I really beleave that when I keep the shell in the main tank when they first hatch that after a few days the female eats them. Over the past 6 months I had 4 Leleupi survive. There is roughly 20 to 30 fry hatch everytime the pair breed. It is just driving me nuts that when I remove the fry with the shell that they die off. I would really appreciate it if some one can give me some tips on how I can keep the fry from dying off.

Thank you
Frank Galka


----------



## ArizonaCichlids (Apr 4, 2008)

When you remove the shell dump the fry out of it. Just submerse the shell and lift it out of the water several times to wash them out of there. I do that with my comp fry because the parents are known for not being very good. The Leleupi are also known for not being the best of parents in the cichlid world. The first couple spawns with my leleupi I ended up losing a bunch and I suspect as you do that the parents were the ones eating the fry because the only other tankmates are cyprichromis. Lately though there is a large batch of fry getting pretty big and it seems as though the parents are getting better.

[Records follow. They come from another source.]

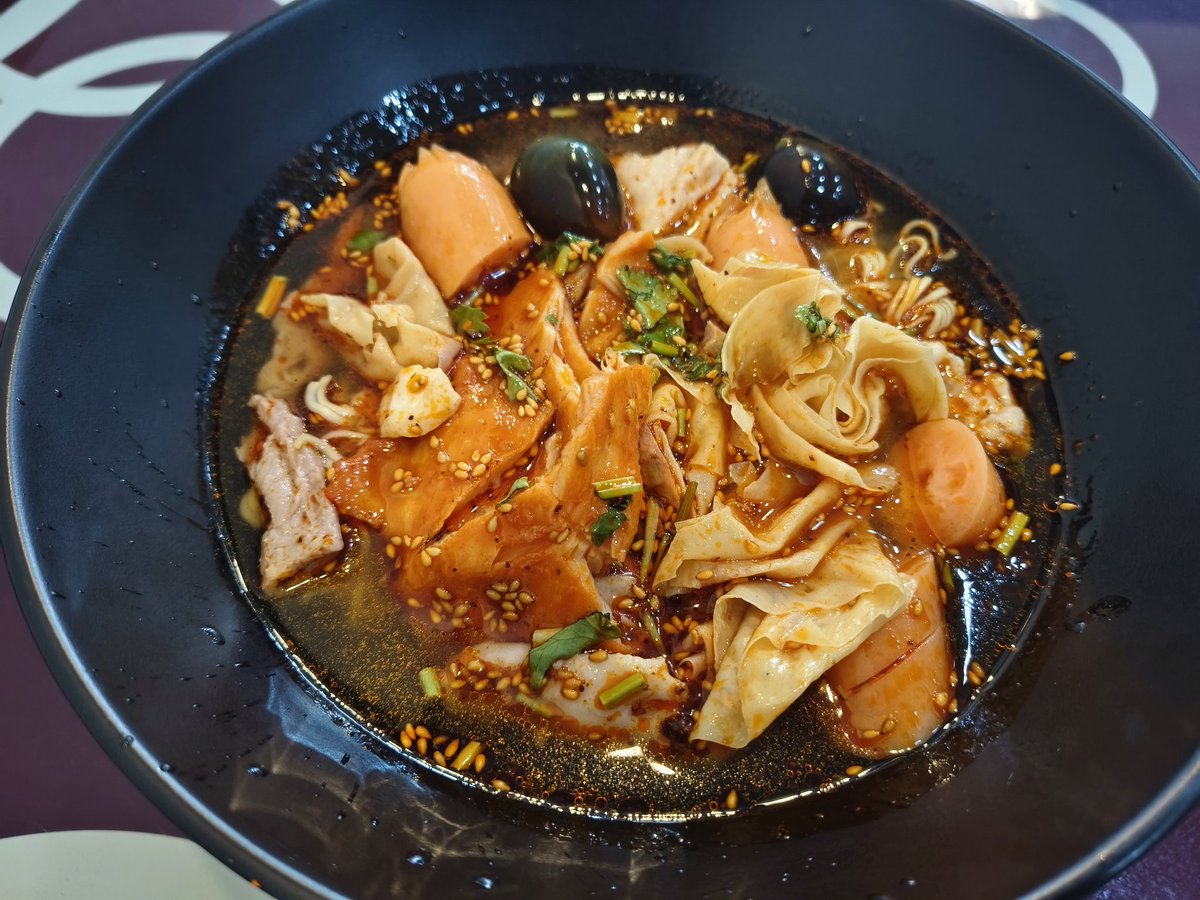 lingchenlieche3's tweet photo. 好想吃钵钵鸡。。。这家店已经变成豆米火锅了 https://t.co/RLgYUbRgss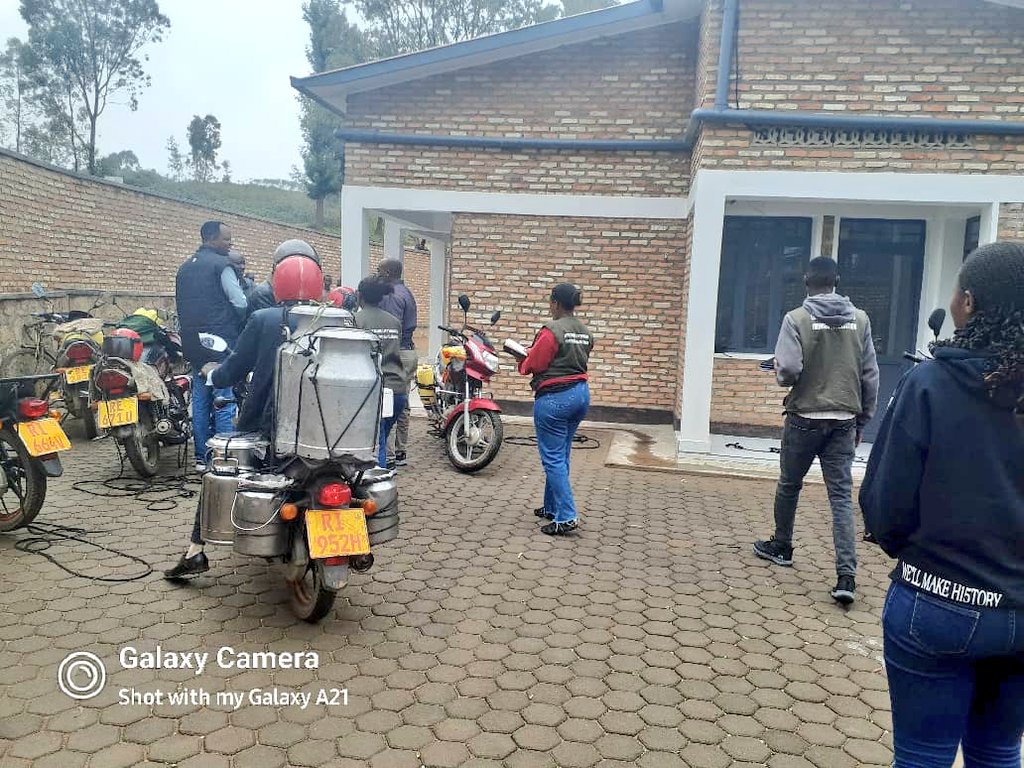 RuhangoDistrict's tweet image. Aborozi bo mu Murenge wa Mwendo bishimira ibikorwaremezo bakomeje kwegerezwa mu Tugari dutandukanye by'umwihariko ikaragiro ry'amata rya Mwendo"Milk Collection Center Mwendo". Ni inyubako bahawe n'Akarere kubufatanye n'umufatanyabikorwa #FoodforTheHungry Rwanda.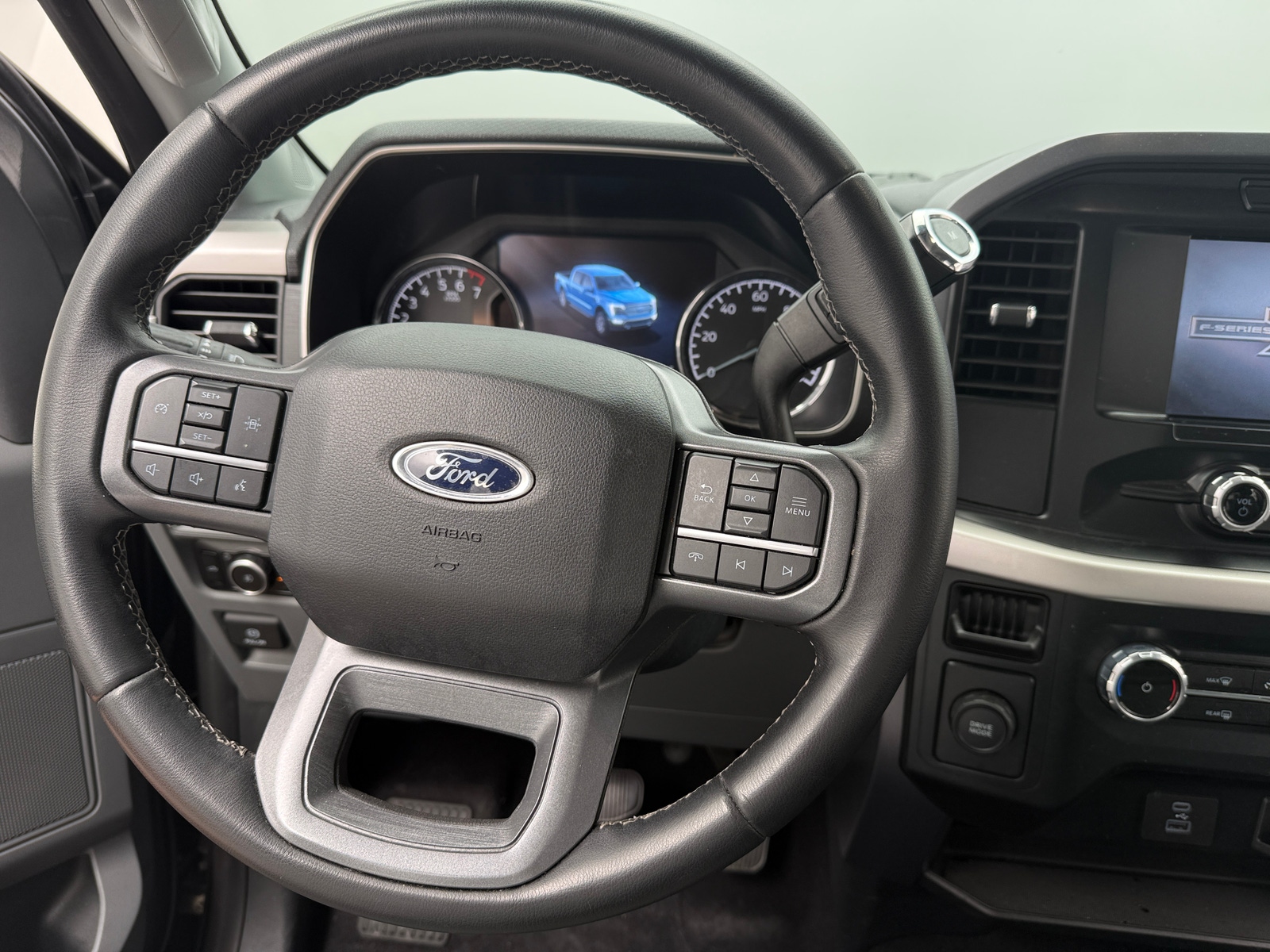 Thumbnail: 2023 Ford Econoline - 5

If I have the same problems with this batch of fry then I will be removing their pot and replacing it with a large shell so that I can use the same trick I use with my comps.


----------



## Dave (Feb 9, 2003)

When I had a breeding pair of leleupi I used a large conch shell that I had cut the top off. This made it very easy for the female to escape out the top if she needed to, and for me to pour out the fry. Just remove them from the shell and see if you have been luck.


----------



## Multies (Mar 9, 2007)

thats actually pretty strange.
most lamprologines will protect their fry or protect them until another brood is coming up.
then they either eat them, kill them, or chase them.

maybe remove the shell and put a clay pot?
so when they spawn and you see the eggs, just take out the pot and put them in another tank.
they will hatch and then just take out the pot and all you have is the fry 
put back the pot so the female can use it and produce tons of fry :wink:


----------



## 24Tropheus (Jun 21, 2006)

Is it that the water inside the shell at the back is becoming too polluted for the fry?
They start to die and the female starts again?

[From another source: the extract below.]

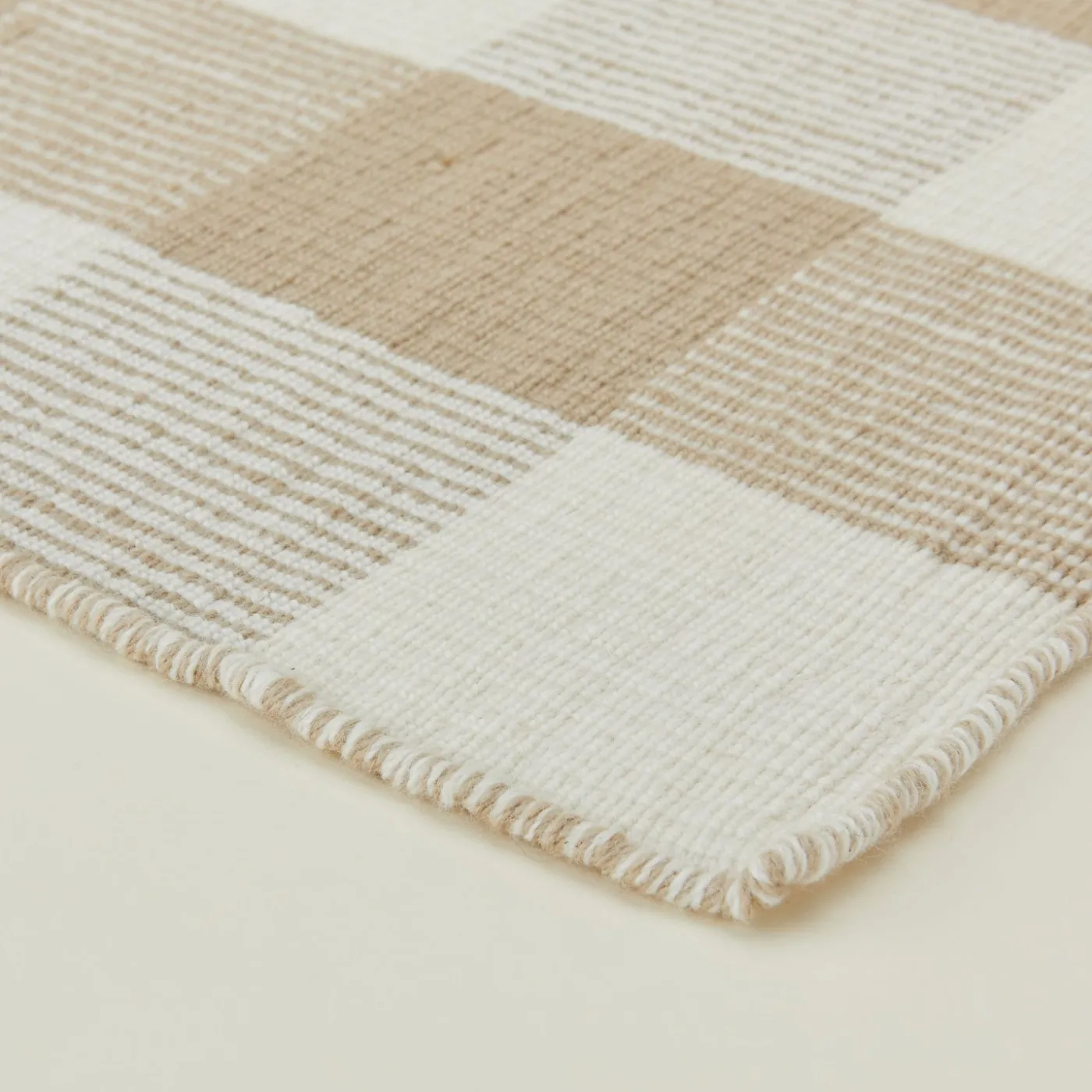 Simple Plaid Runner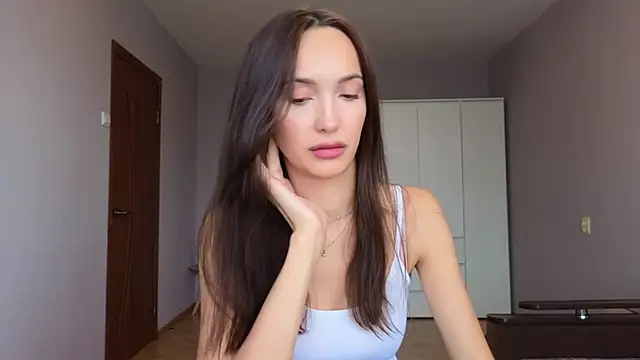 Lillian-Clark online show from September 30, 7:46 am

Perhaps she just needs some other cover to move the fry to?


----------



## cadets54 (Mar 3, 2002)

24Tropheus said:


> Is it that the water inside the shell at the back is becoming too polluted for the fry?
> They start to die and the female starts again?
> 
> Perhaps she just needs some other cover to move the fry to?


I am not sure if the water in the back end of the shell is polluted but it could be possible. But why are they hanging out at the opening of the shell when they are in my main tank and then once I put the shell in the growout tank they continue to hide in the back of the shell and never come out again?


----------



## 24Tropheus (Jun 21, 2006)

To be honest I have not a clue. Never having leleupi breed in a shell. I do not know if leleupi know how to keep shells clean (ish) like shell dwellers do.

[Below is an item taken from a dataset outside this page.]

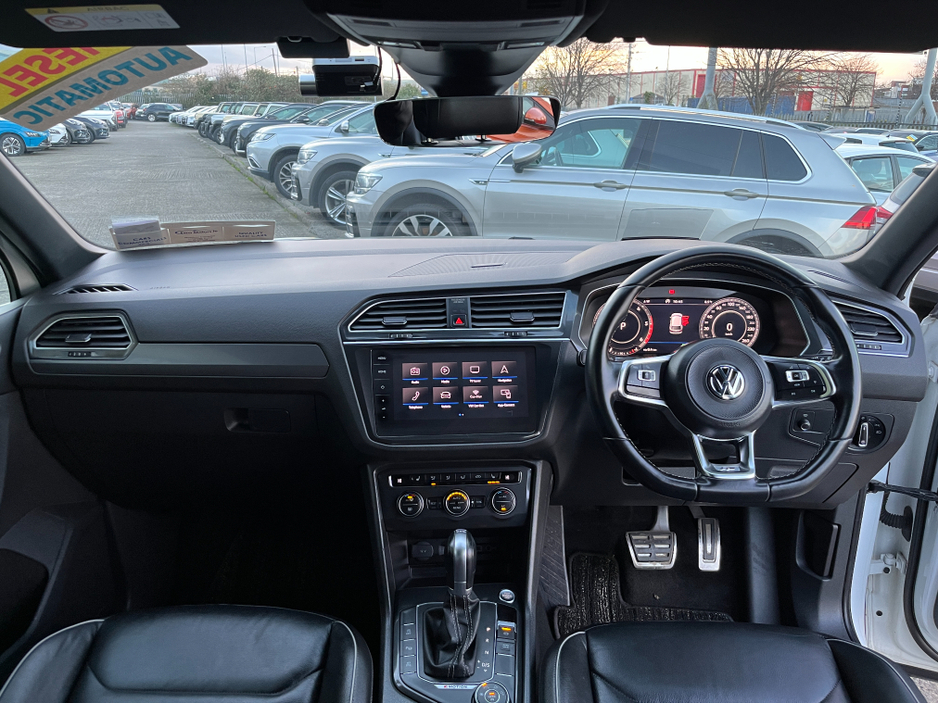 2018 Volkswagen Tiguan R-LINE 4 MOTION AUTOMATIC 2.0 DIESEL //MASSIVE SPEC//FULL LEATHER//HEAD UP DISPLAY//HEATED SEATS//360 PARKING CAMERAS// €29,950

Maybe try a cave? (pot does fine too I guess)

Isn't that more usual?


----------



## gman87 (Dec 24, 2004)

I've got 6 leleupi in a 180 and there are at least 2 "pairs". I think they are more swingers though and will pick different places to lay the eggs. A few broods ago a female chose a calvus cave and the fry actually grew to the point they were scooting around the bottom a foot or more from the cave.......when some juvie cyps started munching them. I thought the lone calvus was the culpret or maybe the mobas but they were snapping them up like cichlid popcorn. Haven't had a single leleupi grow out in there yet but at least 4 generations of regani are still in the tank. The leleupi really don't seem to be good parents.


----------



## noki (Jun 13, 2003)

I had a Leleupi pair and they were rather lousy cichlid parents. The mother was very secretive, but once the fry were free swimming the parents paid no direct attention to the fry, just maintaining a basic terrritory. The parents would get distracted and the other fish in the tank were just grab the fry.


----------